Las grandes ciudades, como París, Londres y Berlín, van uniformando las urbes provinciales, que a su vez modifican los pueblos y las aldeas.

Lo característico regional, el rincón pintoresco, tan amado en la primera mitad del siglo XIX por escritores y artistas, se ha perdido en las ciudades y en las villas y comienza a perderse en los lugares alejados de los grandes centros. No sólo se pierde lo pintoresco en lo exterior, sino el gusto de lo pintoresco. En casi todas partes, en el ámbito de una nación, se habla lo mismo, se viste lo mismo y se tienen idénticas diversiones y deportes.

Llegará un día en que ya no sean sólo las naciones las unificadas, sino también los continentes. El planeta, según un misántropo amigo del autor, será un queso de bola, uno e indivisible, con la misma clase de gusanos, que disfrutarán de los mismos derechos y de los mismos deberes.

Los pueblos y las comarcas van olvidando rápidamente su carácter tradicional, y los Goyas, los Balzac y los Dickens del porvenir, si es que los hay, no tendrán gran cosa que recoger y conservar en el acervo de las viejas costumbres y hábitos y en la guardarropía legada por los antepasados. Los dioses se van, las buenas formas se van, los sombreros de copa se van, la moral se va; lo único que vuelve a presentarse son las golondrinas y las letras que no se han pagado...

Bayona ha sido una de las ciudades francesas que ha guardado su carácter hasta hace poco. Hoy, ya no lo tiene.

Sin murallas, sin puertas, como un caracol sin su concha, al perder su dermato-esqueleto, empieza a aparecer un pueblo banal y de poco interés.

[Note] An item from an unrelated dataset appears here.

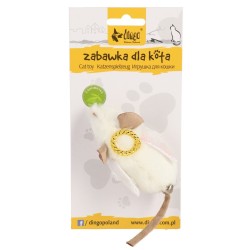 DINGO Zabawka dla kota - Mysz Angelo 1 szt.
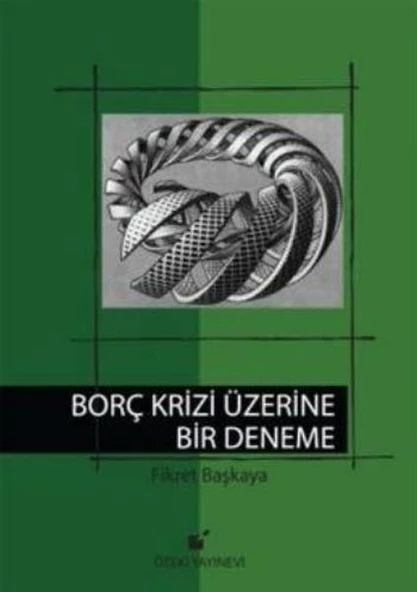 Borç Krizi Üzerine Bir Deneme - Cilt ürün görseli 1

Bayona, antes, con su cintura de piedra, sus calles estrechas, sus arcos, sus tiendas con muestras y enseñas, sus casas grises y negruzcas, dominadas por las dos torres góticas de la Catedral; sus puertas fortificadas y sus dos ríos, que le daban un aire sombrío y húmedo, era un pueblo de un carácter típico y bien marcado.

Bayona, por su historia, su tradición, su influencia inglesa y española, su población mezclada, era un producto mixto de burguesía, de milicia, de comercio, de costumbres rancias y arcaicas, con detalles de ciudad corrompida. Había muchos elementos diversos reunidos en Bayona.

De sus tres barrios, la Gran Bayona, la Pequeña Bayona y Saint Esprit, la Gran Bayona, el más importante, se consideraba como el centro, el asiento del mundo oficial y del comercio rico. La gente de la Pequeña Bayona tenía un carácter más campesino, más pobre y más vasco; la de Saint Esprit era, en gran parte, judía.

Además de la población gascona, vasca y judía, había la marinera y de comercio fluvial de las orillas del Nive y del Adour, los pescadores, casi todos vascos, y la parte militar, entonces importante, porque Bayona era capital de una división.

Durante la primera guerra civil española Bayona estaba más animada que de ordinario; a sus varios elementos se unían los emigrados carlistas, que llevaban allí sus luchas y sus intrigas.

El marqués de Lalande y monsieur Xavier Auguet de Saint Sylvain, librero de viejo en Madrid y barón de los Valles por obra y gracia de don Carlos; el obispo de León y Aviraneta, el príncipe de Lichnowsky y el protestante Miñano, el canónigo Echevarría y el judío inglés Mitchell, habían encontrado allí campo para sus maquinaciones...

Uno de los sitios pintorescos de Bayona en aquella época, hoy convertido en explanada de aire vulgar, con una estatua de bronce de un obispo en medio, era la plaza del Reducto.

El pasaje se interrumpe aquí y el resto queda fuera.